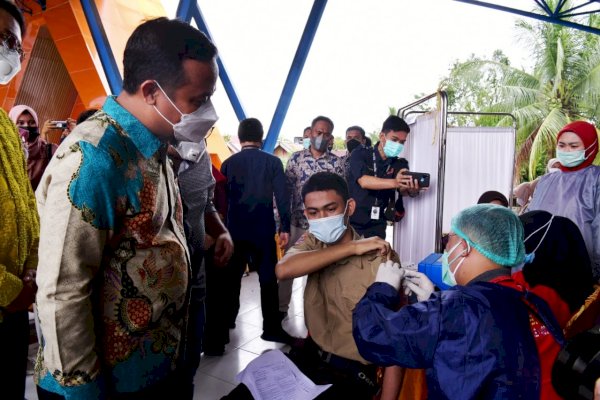 Kebut Vaksinasi di Sulsel Tembus 2 Juta Orang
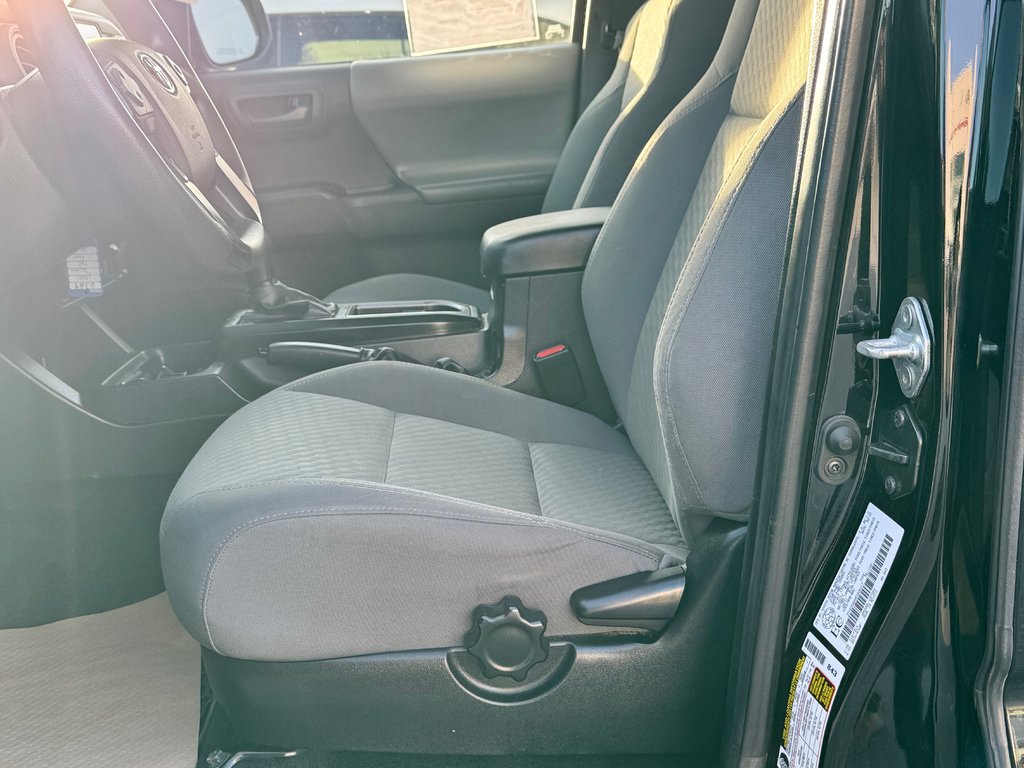 2021 Toyota Tacoma ACCES CAB SR 3.5L / AUTOM / 4X4 / MEGA DEAL / in Thetford Mines, Quebec - 26 - w1024h768px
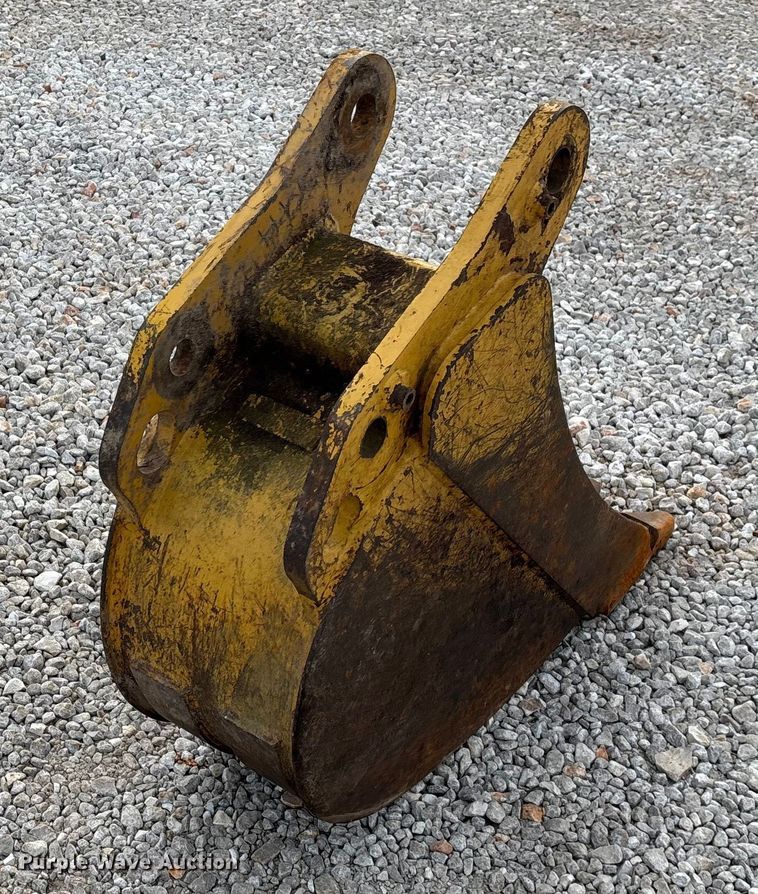 image for item ED2444 1999 John Deere 310E backhoe
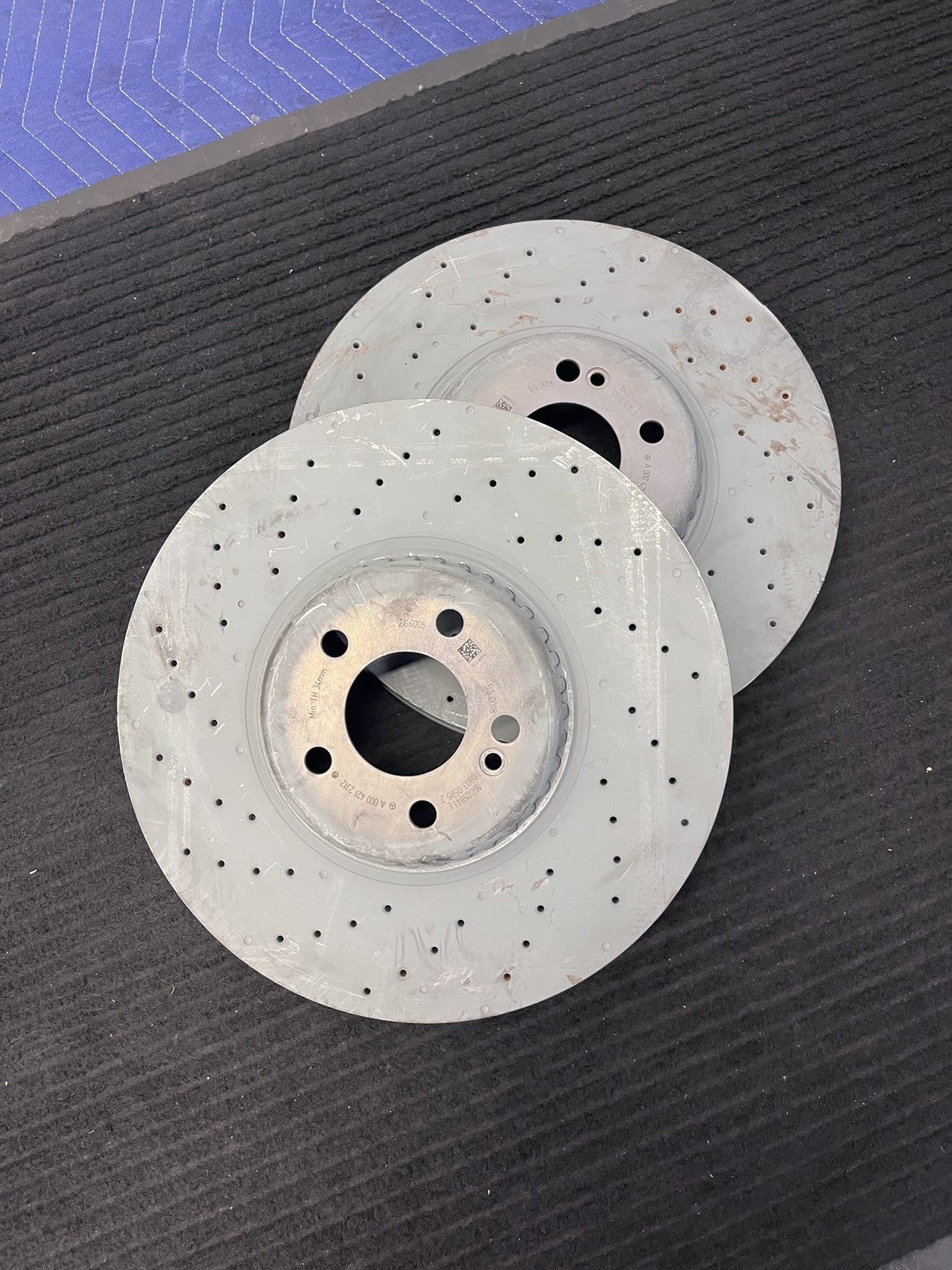 2016-2023 Mercedes-Benz C43 E43 E450 GLC43 Front Drilled Rotors Pair OEM A0004212312 - eBay image 6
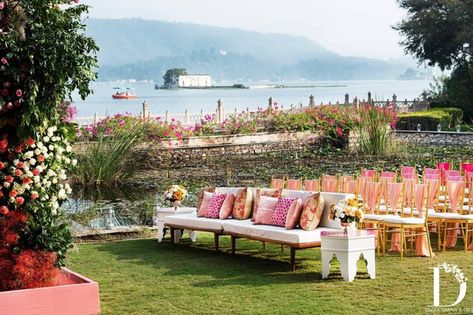 Wedding Seating Ideas To Make Your Guests Experience Memorable! Guest Seating Ideas, Wedding Mandap Ideas, Wedding Mandap Decoration, Devika Narain, Wedding Seating Ideas, Fort Wedding, Mandap Ideas, Floral Decor Wedding, Seating Arrangement Wedding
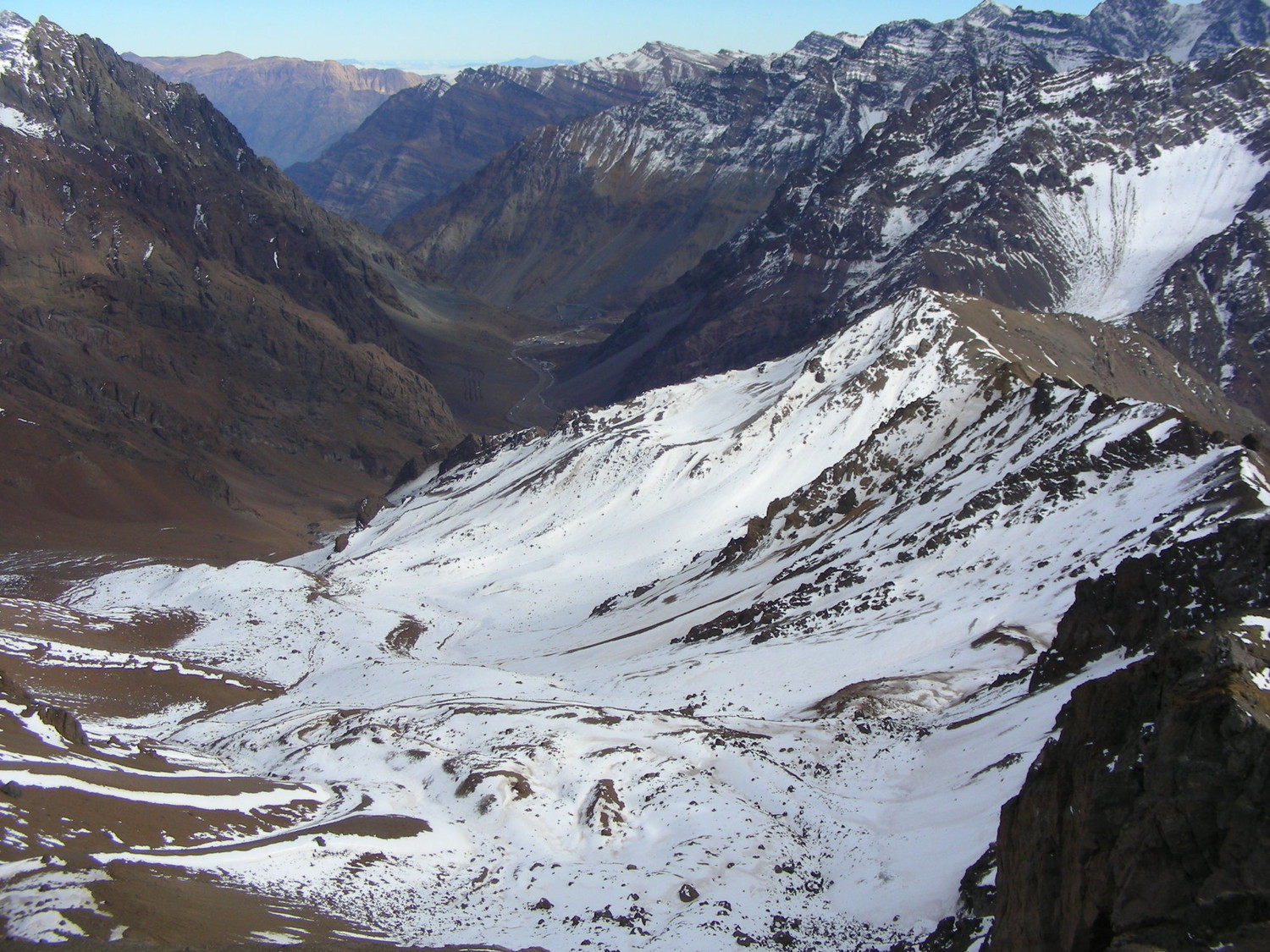 Ladera S del cerro directamente al SW del Cristo Redentor (mayo 2009)
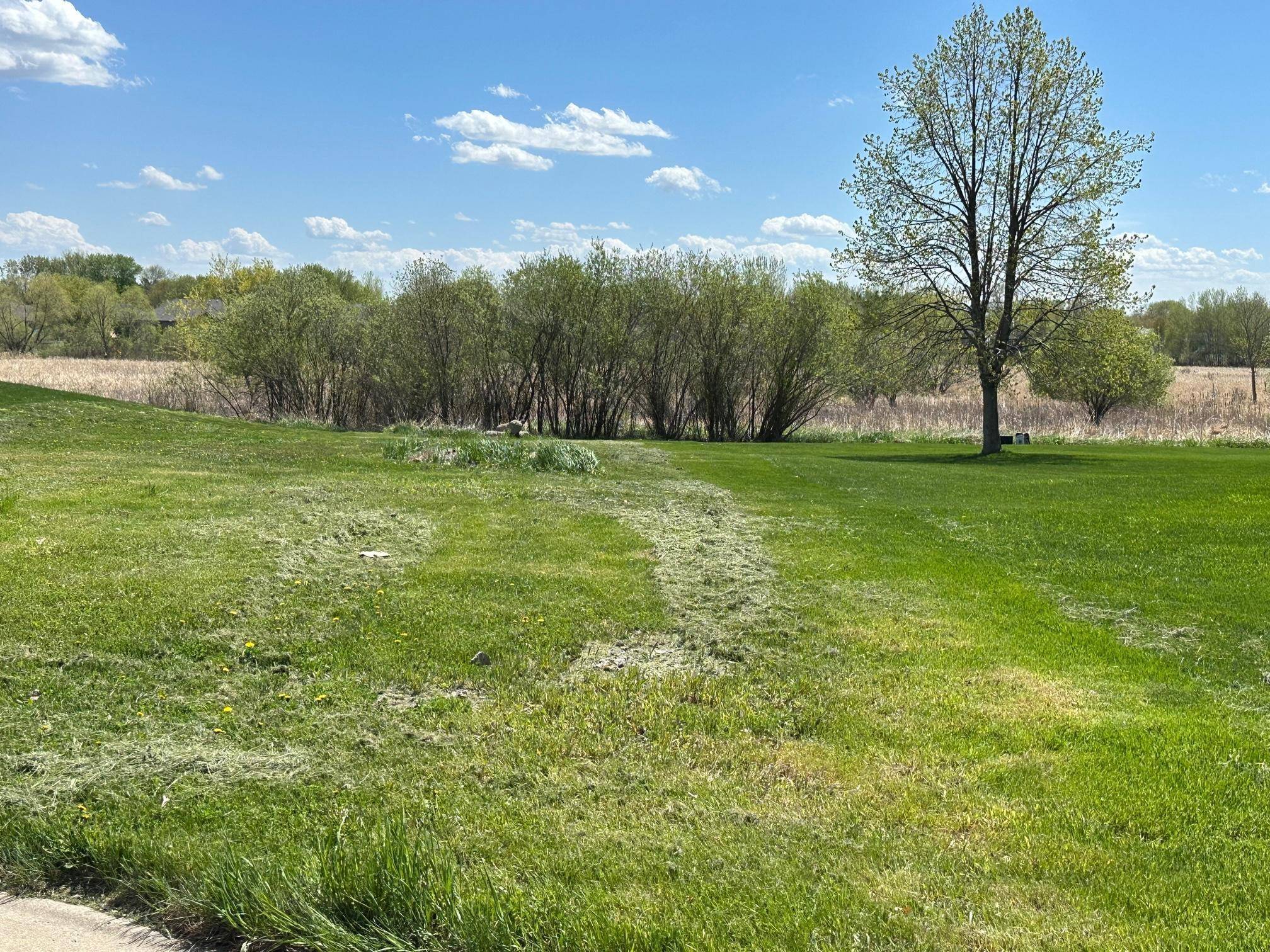 1712 Knottingham DR, Sartell, MN 56377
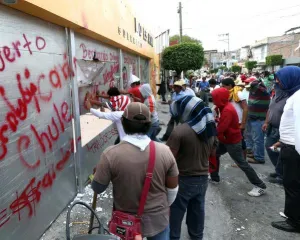 Atacan sede de PRD en Guerrero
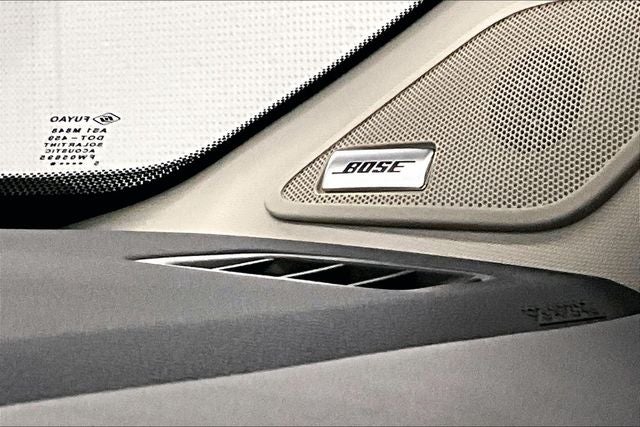 2023 Nissan Pathfinder SL 4x4 - Premium Pkg - Pano Roof - Adaptive Cruise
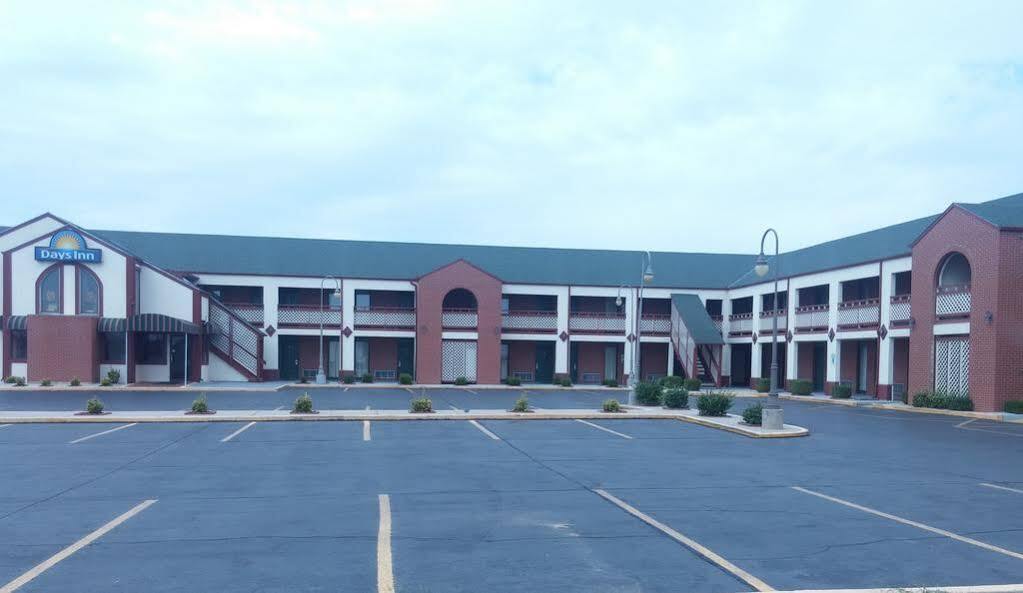 Days Inn By Wyndham Wichita West Near Airport Exterior foto
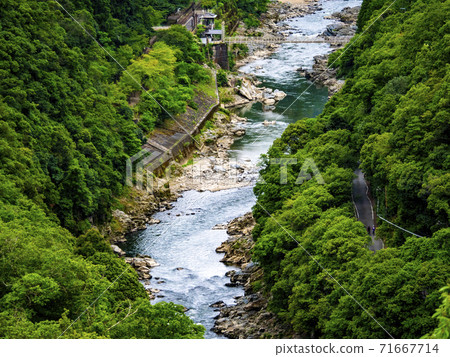Hozukyo (Hozugawa/Katsura River) Kyoto City 71667714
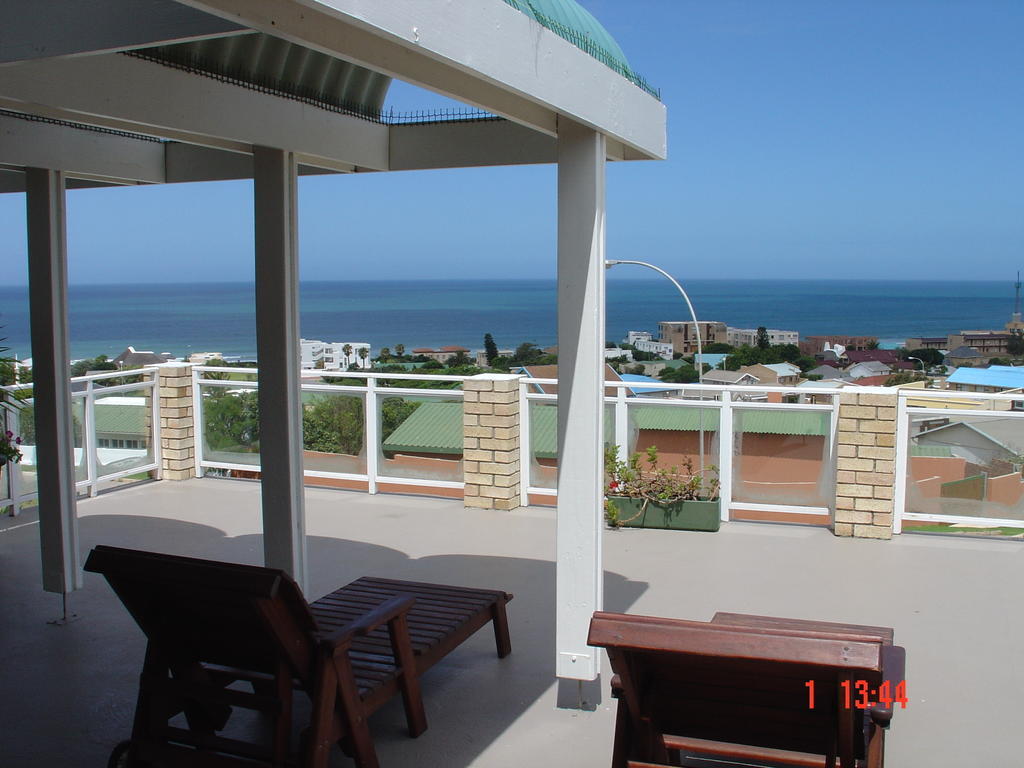 On The Bay Guesthouse Kruisfontein Bagian luar foto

*Problem*: Each entry above must come back exactly as written. Drop the images.

*Response to the exercise*:
 Kebut Vaksinasi di Sulsel Tembus 2 Juta Orang
 2021 Toyota Tacoma ACCES CAB SR 3.5L / AUTOM / 4X4 / MEGA DEAL / in Thetford Mines, Quebec - 26 - w1024h768px
 image for item ED2444 1999 John Deere 310E backhoe
 2016-2023 Mercedes-Benz C43 E43 E450 GLC43 Front Drilled Rotors Pair OEM A0004212312 - eBay image 6
 Wedding Seating Ideas To Make Your Guests Experience Memorable! Guest Seating Ideas, Wedding Mandap Ideas, Wedding Mandap Decoration, Devika Narain, Wedding Seating Ideas, Fort Wedding, Mandap Ideas, Floral Decor Wedding, Seating Arrangement Wedding
 Ladera S del cerro directamente al SW del Cristo Redentor (mayo 2009)
 1712 Knottingham DR, Sartell, MN 56377
 Atacan sede de PRD en Guerrero
 2023 Nissan Pathfinder SL 4x4 - Premium Pkg - Pano Roof - Adaptive Cruise
 Days Inn By Wyndham Wichita West Near Airport Exterior foto
Hozukyo (Hozugawa/Katsura River) Kyoto City 71667714
 On The Bay Guesthouse Kruisfontein Bagian luar foto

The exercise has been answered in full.